— DATA —
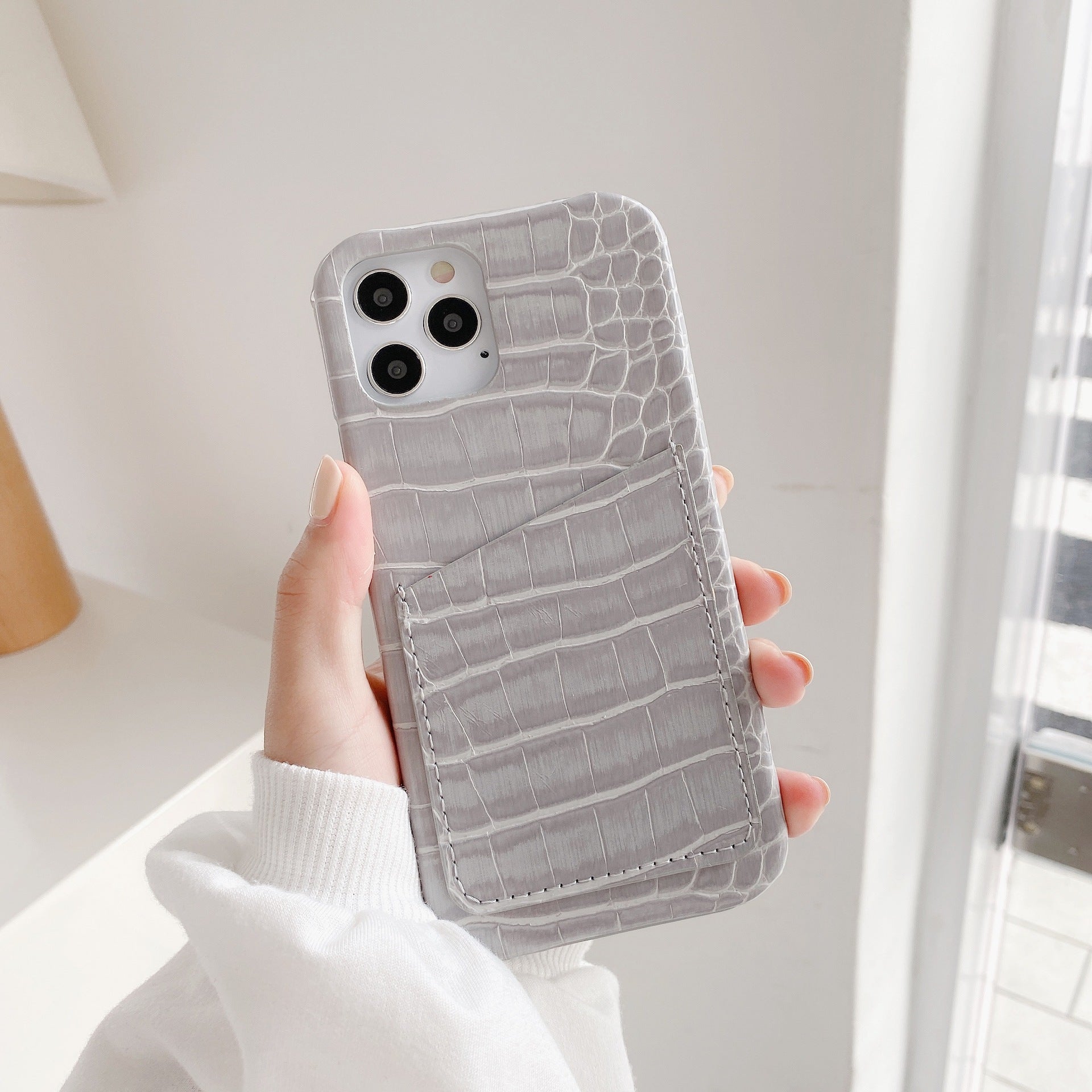 Leather crocodile-striped card case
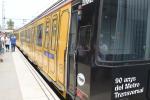 El tren 4000 vinilat estacionat a Bordeta abans de fer el primer viatge / Foto: Miguel Ángel Cuartero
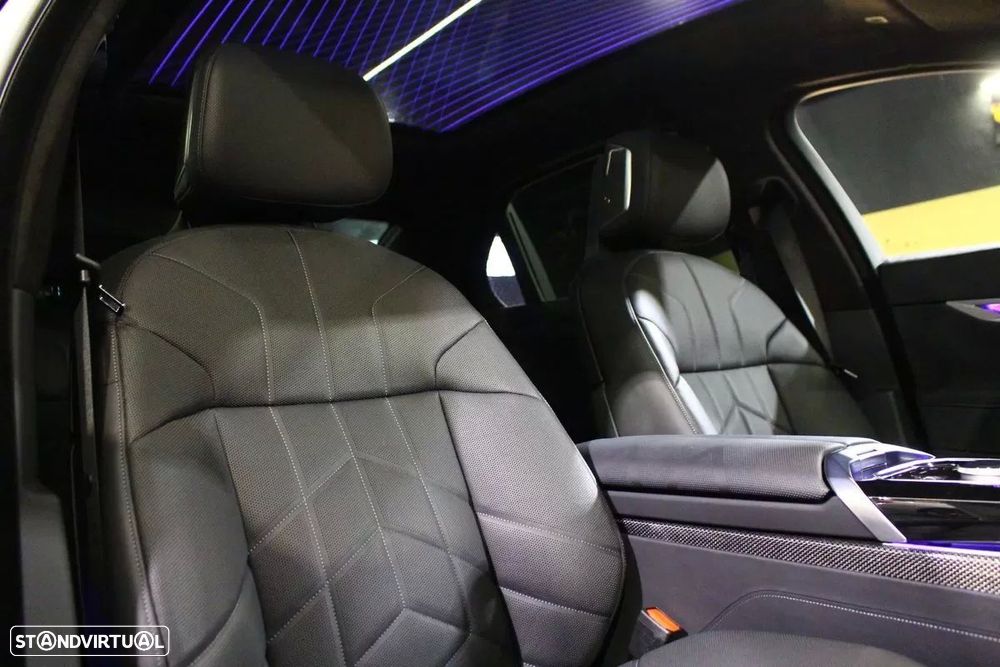 BMW i7 eDrive50 - 18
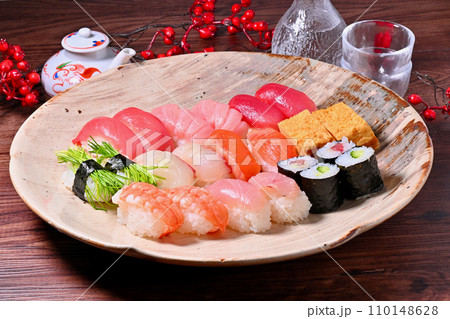 高級持ち帰り寿司、高級鮨、お寿司、海鮮料理、マグロ、サーモン、エビ、かっぱ巻き、玉子など。 高級持ち帰り寿司、高級鮨、お寿司、海鮮料理、マグロ、サーモン、エビ、かっぱ巻き、玉子など。 110148628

— EXERCISE GOAL —
A verbatim transcript of the material above, with images dropped, is the expected output.

— PROBLEM SOLUTION —
 Leather crocodile-striped card case
 El tren 4000 vinilat estacionat a Bordeta abans de fer el primer viatge / Foto: Miguel Ángel Cuartero
 BMW i7 eDrive50 - 18
 高級持ち帰り寿司、高級鮨、お寿司、海鮮料理、マグロ、サーモン、エビ、かっぱ巻き、玉子など。 高級持ち帰り寿司、高級鮨、お寿司、海鮮料理、マグロ、サーモン、エビ、かっぱ巻き、玉子など。 110148628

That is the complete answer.